===== Exercise input

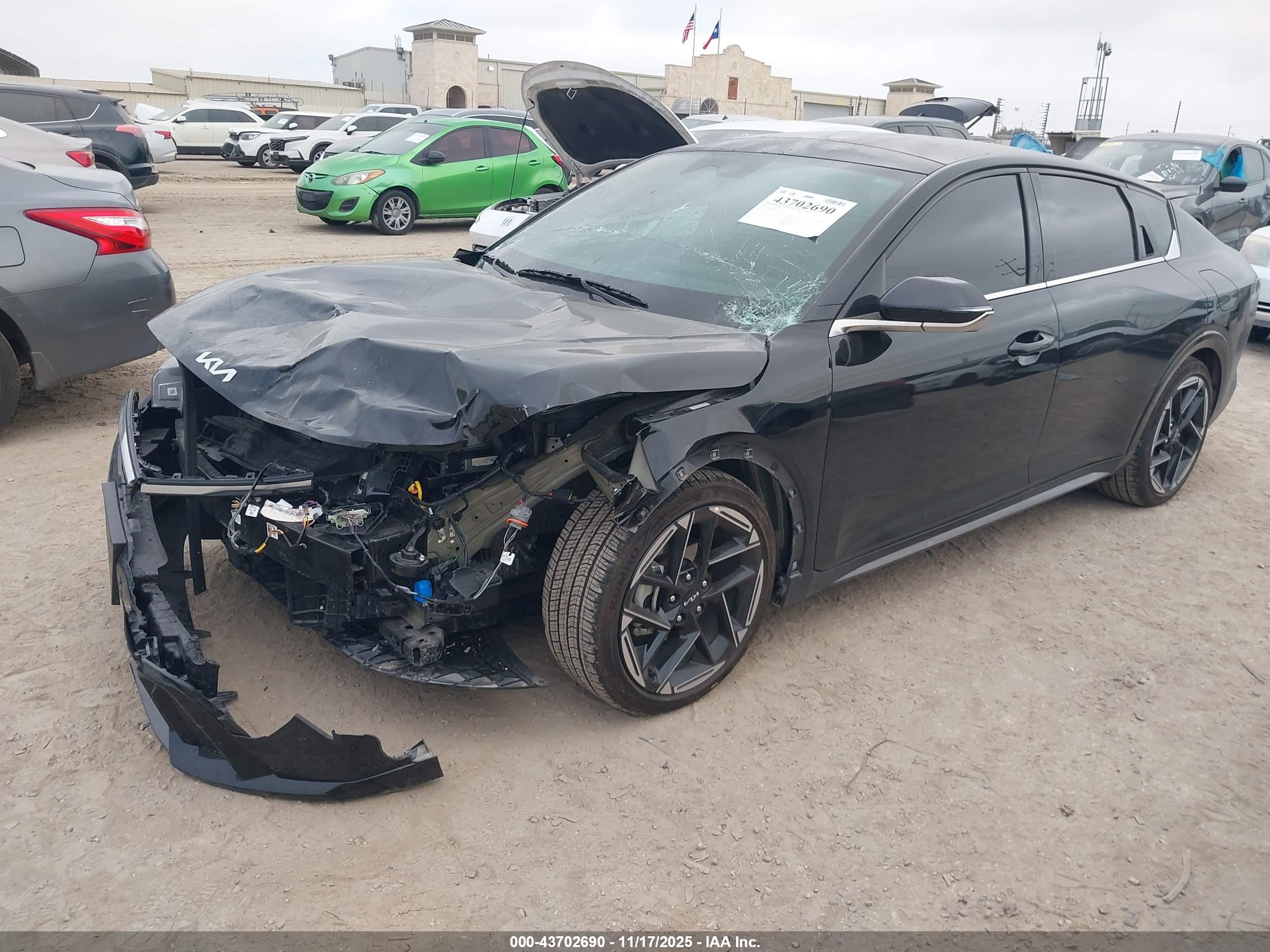 KIA K4 image 2
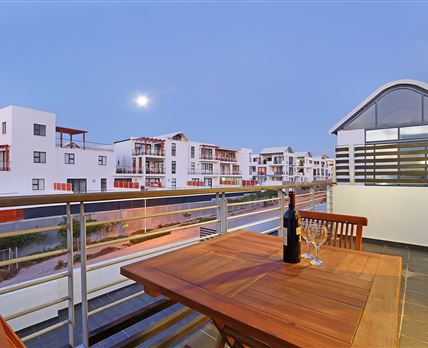 Eden On The Bay 233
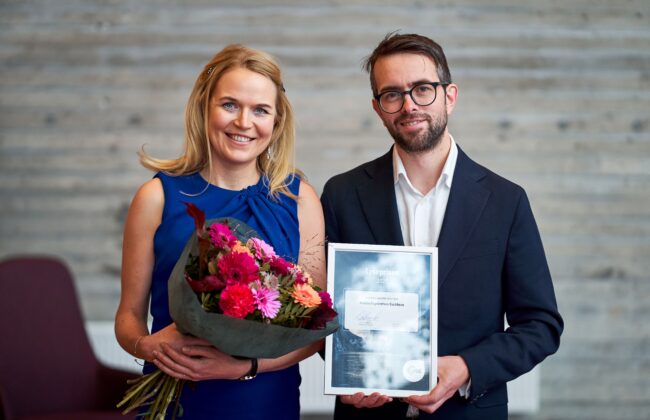 Professor Natalia Ingebretsen Kucirkova med konserndirektør Jens Arne Steinsbø i Lyse Foto Sondre Vestheim2 mb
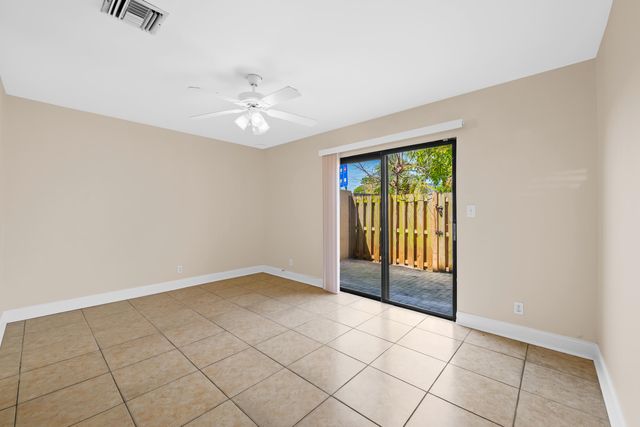 3281 E Golf Boulevard 4, Pompano Beach, FL 33064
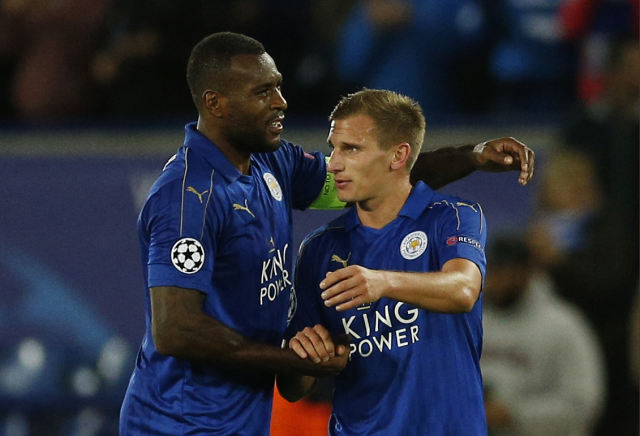 帕尔马中锋突破对手门将,锁定胜局 帕尔马中锋突破对手门将,锁定胜局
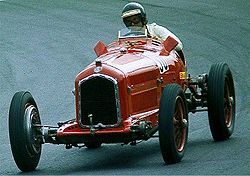 Алан де Каденет(Alain de Cadenet) на Alfa Romeo P3.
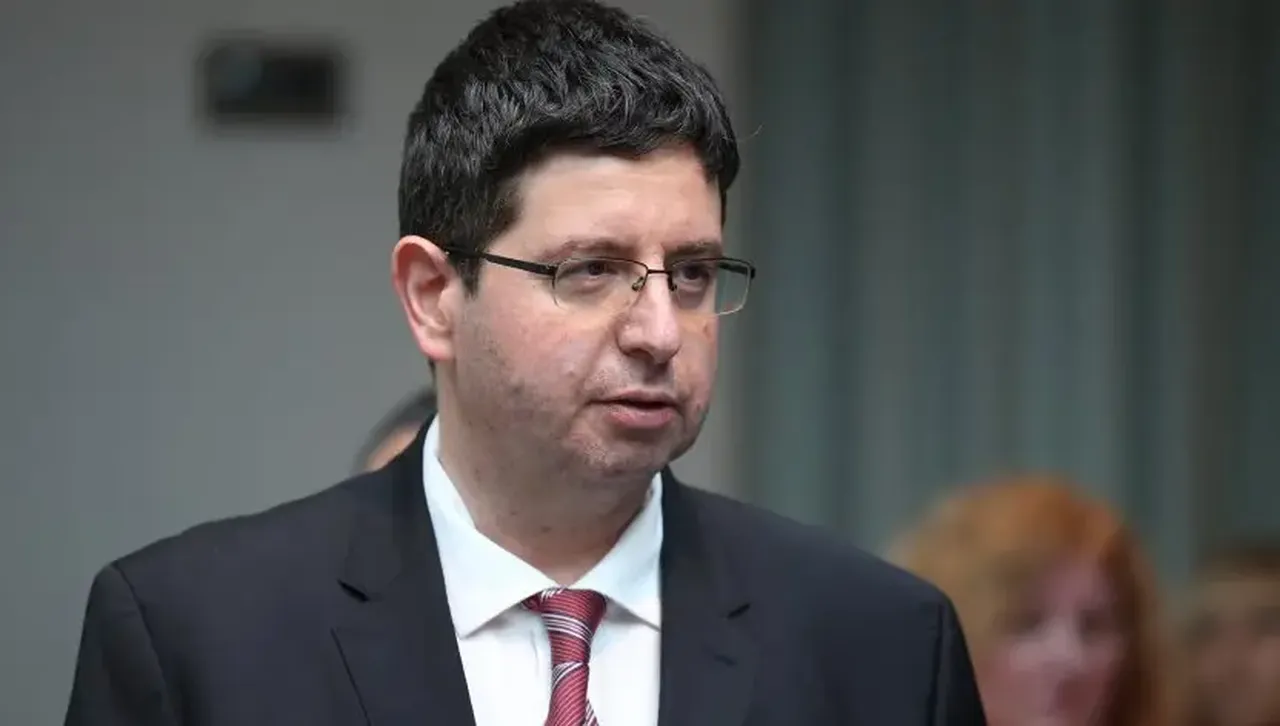 Петър Чобанов от БНБ се обяви против вдигане на данъците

==========

Every entry above is to be set down exactly; the pictures are to be left out.

 KIA K4 image 2
 Eden On The Bay 233
 Professor Natalia Ingebretsen Kucirkova med konserndirektør Jens Arne Steinsbø i Lyse Foto Sondre Vestheim2 mb
 3281 E Golf Boulevard 4, Pompano Beach, FL 33064
 帕尔马中锋突破对手门将,锁定胜局 帕尔马中锋突破对手门将,锁定胜局
 Алан де Каденет(Alain de Cadenet) на Alfa Romeo P3.
 Петър Чобанов от БНБ се обяви против вдигане на данъците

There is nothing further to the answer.